RBNZ demands assurance ANZ New Zealand is operating prudently
By Rebecca Howard
June 24 (BusinessDesk) - The Reserve Bank is demanding ANZ Bank New Zealand provide assurance it is operating in a
prudent manner after it was censured in May and the bank says it will work with the regulator.
The central bank is using powers under section 95 of the Reserve Bank of New Zealand Act 1989 to require the local ANZ
unit to provide a report by a Reserve Bank-approved, independent person. These reviews can investigate issues such as
risk management, corporate or financial matters, and operational systems.
The RBNZ wants two separate reports from ANZ New Zealand.

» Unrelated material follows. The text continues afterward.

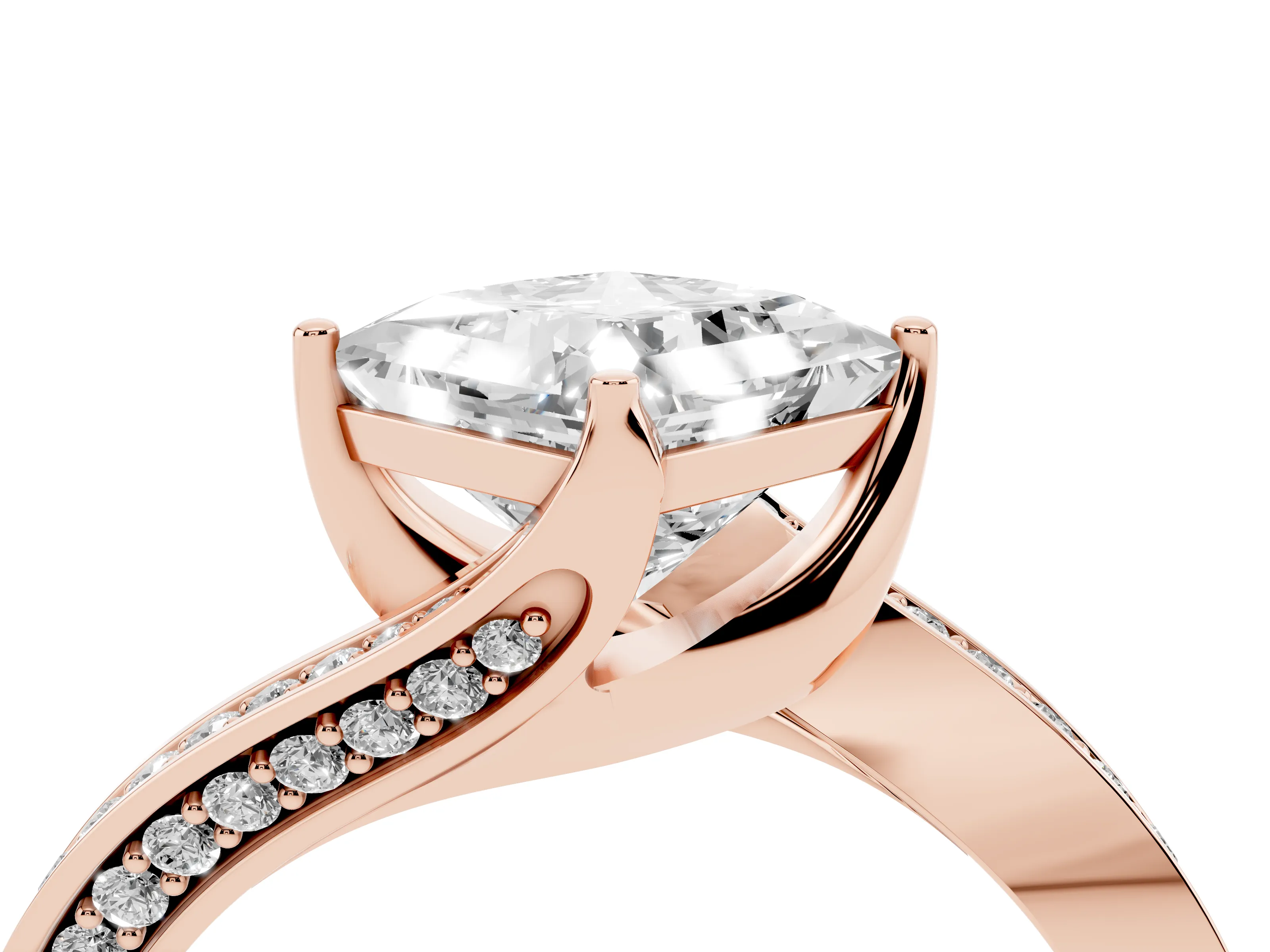 Princess Cut Diamond Solitaire Ring Set in Rose gold with Intertwined Pavé Twist Band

The first will cover the New Zealand lender’s compliance with
the Reserve Bank’s current and historic capital adequacy requirements and the second will assess the effectiveness of
the bank's attestation and assurance framework, focusing on internal governance, risk management and internal controls.
“The board had been working on commencing an independent review to provide assurance that our capital models and the
directors’ attestation process are robust and operating in a prudent manner," ANZ New Zealand chair John Key said in a
statement.
"Following discussions with the RBNZ, the directors agree that the best way to achieve this assurance is working with
the RBNZ and an independent party to undertake the necessary reviews."
In May, the RBNZ revoked ANZ Bank New Zealand's accreditation to model its own operational risk capital requirement due
to a "persistent failure" in its controls and attestation process. From March 2019, this will increase its minimum
capital held for operational risk by around 60 percent, to $760 million, the RBNZ said.
ANZ is one of four big banks in New Zealand that are accredited by the Reserve Bank to use their own risk models – the
internal models approach - in calculating their regulatory capital requirements.
After the May decision, ANZ is now required to use the standardised approach for calculating appropriate operational
risk capital. It can still use 44 other internal models to calculate capital requirements.
At the time, ANZ said its board and management take the attestation regime very seriously and while it believes it has
the appropriate controls and attestation processes in place "it will work with the RBNZ in assessment of the controls
and attestation processes.
A bank's disclosure statement is required to contain certain statements signed by each director of the bank. These must
state, among other things: whether the bank has systems in place to monitor and control adequately the banking group's
material risks and whether those systems are being properly applied; and whether the bank has complied with its
conditions of registration over the period covered by the disclosure statement.
Reserve Bank governor Adrian Orr underscored that ANZ - New Zealand's largest lender - remains sound and well
capitalised.
As at 31 March 2019, ANZ New Zealand held more than $12.4 billion of capital, almost $3.5 billion more than its
regulatory requirement. ANZ New Zealand's net loans and advances totalled $130 billion at the time.